Anche se la quota salari presenta delle fluttuazioni legate
al ciclo economico, è evidente una tendenza di lungo periodo negativa: dalla
fine degli anni 1970 sino al 2007 vi è una riduzione della quota tra i 5 e i 10
punti di PIL. Solo dopo la crisi del 2007 la quota del lavoro aumenta. Le cause
vanno dunque ricercate nella crisi stessa – che nata come crisi finanziaria è
poi diventata, grazie in larga misura alle politiche di austerità, una crisi da
caduta della domanda interna.
La crisi genera un andamento sfavorevole della
produttività, che dopo una forte caduta nel 2008 e 2009 torna a crescere nei
due anni successivi, per poi declinare nuovamente rimanendo intorno ai livelli
raggiunti nel 2007, e provoca anche una riduzione dei prezzi nel settore
manifatturiero, sia in assoluto che relativamente all’indice dei prezzi al
consumo.
Conseguenza di questo è che i redditi da lavoro del settore
manifatturiero diminuiscono in termini di prezzi al consumo dopo il 2010, ma
aumentano in termini del valore della produzione manifatturiera.

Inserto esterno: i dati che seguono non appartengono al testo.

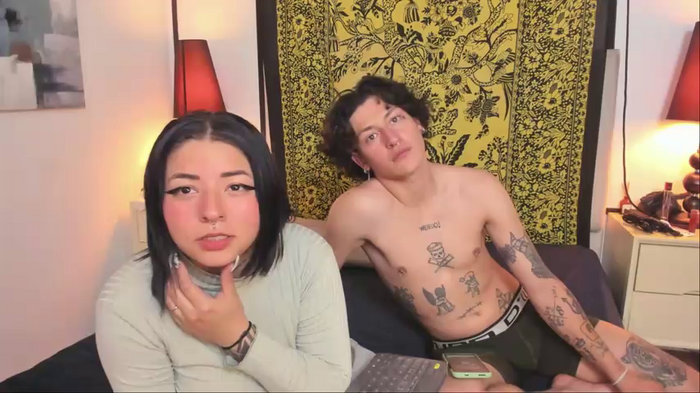 Aria_x_Orien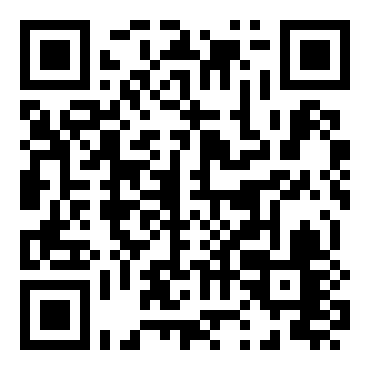 龙士传说：无限（加强版）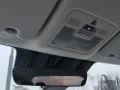 Hyundai INSTER 49 KWH PRIME 360° KAMERA WÄRMEPUMPE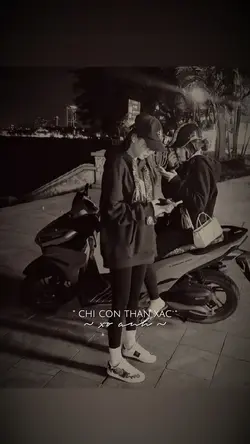 Ngày mai em đi mất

Tanto
l’andamento della produttività che la divergenza tra prezzi al consumo e prezzi
della produzione manifatturiera sono le cause della crescita della quota dei
salari sul PIL
Diversamente dall’analisi proposta da Confindustria, che
data l’inizio della crescita della quota salari al 1998, i dati qui presentati
mostrano che l’aumento della quota dei salari sul Pil è strettamente legato
alla crisi economica successiva al 2008; che i redditi medi da lavoro in
termini di potere d’acquisto sono stagnanti dal 2010, e che all’origine
dell’aumento della quota dei salari nell’industria manifatturiera e nel settore
privato vi sono fenomeni – la caduta/stagnazione della produttività e dei
prezzi, in particolare nel settore manifatturiero – strettamente legati
all’andamento negativo della domanda e del PIL.
Conclusioni
La richiesta da parte di Confindustria di rimediare alla
caduta della quota dei profitti e alla caduta degli investimenti attraverso una
compressione dei salari rischia di aggravare la situazione, come già segnalato
recentemente da numerosi economisti con l’appello Un contratto per il futuro. Ormai numerosissimi
studi applicati mostrano che una diminuzione della quota dei salari riduce la
domanda interna per consumi senza stimolare gli investimenti (cfr ad esempio
Stockhammer, 2011) e quindi una caduta del potere d’acquisto dei salari
approfondirebbe la crisi da domanda interna della economia italiana,
determinando, a livello macroeconomico, sia il proseguimento della contrazione
degli investimenti e con essi del sistema produttivo, sia effetti negativi
sulla crescita della produttività, che come abbiamo visto dipende in misura
rilevante dall’andamento della domanda aggregata e del PIL.